### EXERCISE PROMPT
Although the records contain pictures, none belong in the copy: restate word for word only the lines from the one with "Захоронение ID 3569812" through the one with "2021年年度入職與離職人員統(tǒng)計圖表", both included.

### DATASET RECORDS
──────

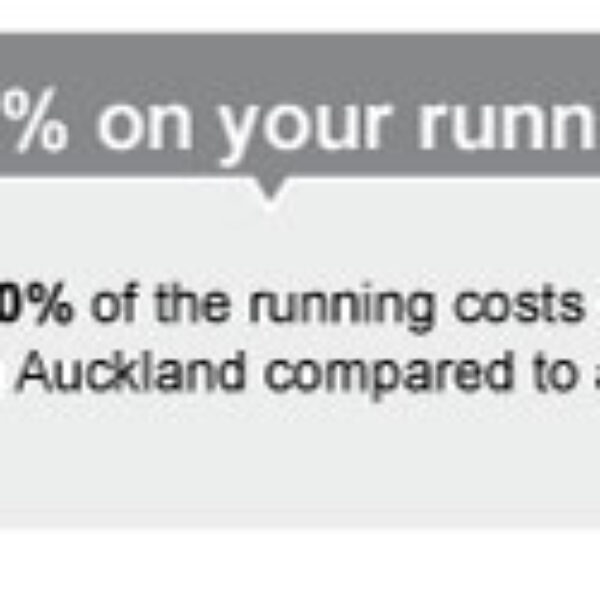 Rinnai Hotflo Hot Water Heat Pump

──────

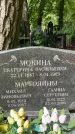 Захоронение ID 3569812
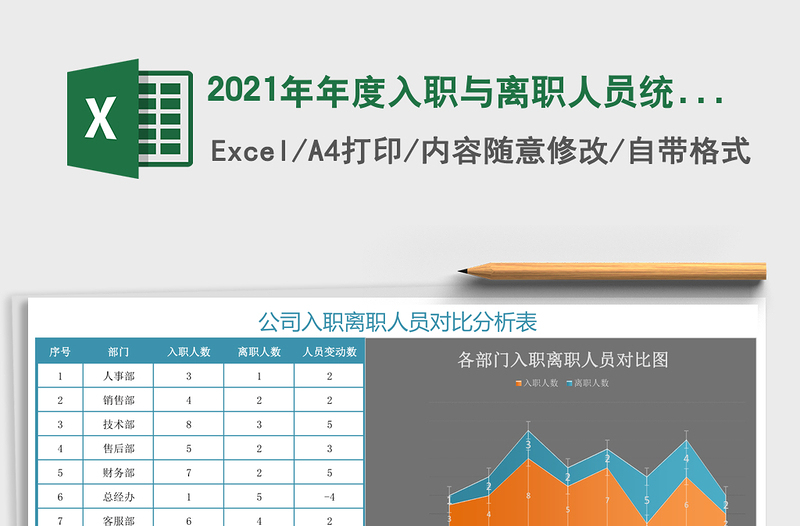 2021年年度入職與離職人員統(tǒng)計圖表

──────

### EXERCISE SOLUTION
 Захоронение ID 3569812
 2021年年度入職與離職人員統(tǒng)計圖表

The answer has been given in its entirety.